Neuroplasticity is triggered by periods of intense focus, he says. “But the actual rewiring of neurons, the formation of new synapses, and the reordering of the circuitry that leads to that skill or that cognitive ability becoming reflexive happen in states of deep rest. And non-sleep deep rest, NSDR, whether it’s yoga nidra or hypnosis or a shallow nap of about 20-30 minutes, will all accelerate learning.”

The Science Behind NSDR

There’s plenty of science to show that techniques strengthening the connection between the emotional, mental, and physical—you know, mind-body practices—are helpful for lots of situations and conditions.

Whether it’s prepping for a medical procedure or managing a difficult boss, they can help you take charge of your thoughts, reframing them to calm your physical response, which then decreases anxiety.
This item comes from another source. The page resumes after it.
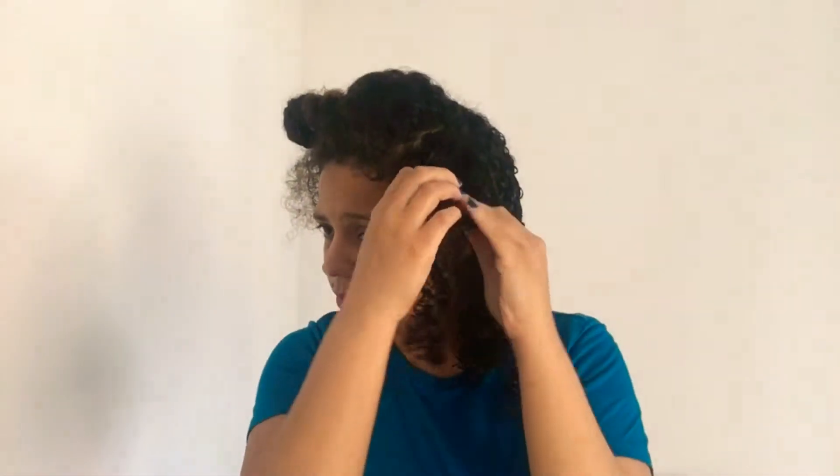This finger coiling method is actually very good if you have damaged hair because you are training your curls to curl. Did you know your hair has memory? Every time you do twist-outs or finger coils to train your curls, it will remember how to curl. Look at the difference between the hair that's been styled and the hair that hasn't been styled yet — what a difference!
Or helps clear your head.

Clinical studies (1) have shown that yoga nidra, which works on the autonomic nervous system (the bodily processes that happen without any effort on your part, such as heartbeat, blood flow, breathing, and digestion) is associated with positive physiological changes, including improvements in red blood cell counts, blood glucose levels, and hormonal status.

Two neuroimaging studies have shown that yoga nidra triggers changes in endogenous dopamine release and cerebral blood flow, further confirming that its effects on the central nervous system are measurable.

Another study (2) showed that while meditation and yoga nidra were both great tools for reducing anxiety and stress, yoga nidra was more effective in reducing “both the cognitive and physiological symptoms of anxiety.”

Try it For Yourself

Want to give NDSR a try?

Google “yoga nidra videos” and you’ll find them all over YouTube, of varying lengths and by various instructors. Huberman likes those by Kamini Desai because he likes her voice.

Huberman himself posted his own video that guides you through a 10-minute NSDR meditation.

One we tried and really liked was this one by Liam Gillen. As we listened in bed, we found ourselves in a dreamlike, drifty state, though Gillen’s voice was crystal clear. That night, after the session, we fell into a deep restorative, 9-hour sleep, which we sorely needed.